TulsaHilton: guest wing? what happened to the presidential suite? Evil uncle: tentacles shmentacles, i eat them for breakfast. yesterday, in fact. laura: well, i'll be a son of a gun, congratulations again, well done you clever little thing. ah, this is an outrage dont you know. have fun in veeeeeeeeeeeeeegas, it looks as tho i may not make it there now, but we'll see. Win a couple of games for me anyhow. say hi to your mum for me. hello tony you gargantuan behemoth of a superpunk. tom, if youre up in seattle on the eighth,where do you plan to go from there? back down south? had hoped to hit vegas a little later, but plans have worked out so that ive four days less than i had wanted on the west coast. i''ll have to consult the relevant authorities on this one. i hadnt planned to leave seattle area before 10th aug. but at very least i should be able to meet you in seattle on the eigth for some amusement. how are you getting to vegas, and when? landing in san fran on 29th july a.m.. would love to roll out to vegas with you, and may cry if its not possible. Flying out of l.a. on i think the 17th, so on a bit of a schedule. do youpaln to head down that way around then? as you say, ts all a bit complicated. one way or tother, however, we will get the beers in. let me know what your plans are man and i''ll see you in afew weeks. all the rest: punky-wunkies.
Wednesday, July 09, 2003
Posted
6:52 AM
by Gobbler
its time to spend an hour or so on the blog.
actually, today may not be a long entry as its getting rather late and for reasons that will at some stage become clear i have tomorrow available to internet, and for free.
arrived back this afternoon from ha long bay tour. truly one of the most beautiful places i have ever been. i had not even decided originally to go on such a trip, but brandon assured me that it was pretty damn special and i acquiesced, if thats a word. I've seen a few sights over the years but the islands were as of a fantasy land. i'd seen pictures of them and others similar, of course (let us all check our video collections and slap on the man with the golden gun and scaramanger's island base, just like that) but to see it was wonderful. jagged lumps of forest clad rock spearing out of the water, with the occasional beach and concealed cove. Little floating villages nestled in the broader bays, one house possessed a pool table.
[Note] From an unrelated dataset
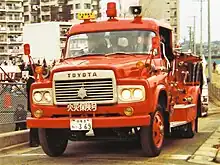 トヨタ・DA100型消防車。元藤沢市消防局所属火災保険号。ナンバープレートの上方にスターティング・ハンドルの差し込み穴が見られる。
It is difficult to see how one could play a descent game of pool on what is basically a raft with a roof, but then i suppose when you've got the only pool table in town you accept minor prblems like the balls rolling around willy-nilly. we stopped off at one of the boats to pick up fish for dinner, but dinner materialised as nothing t write home about.
we took in a couple of grottoes and had a dip in ha long bay, i guess the most fmoous of many bays. a very nice dip, but the best was yet t come, when it got dark...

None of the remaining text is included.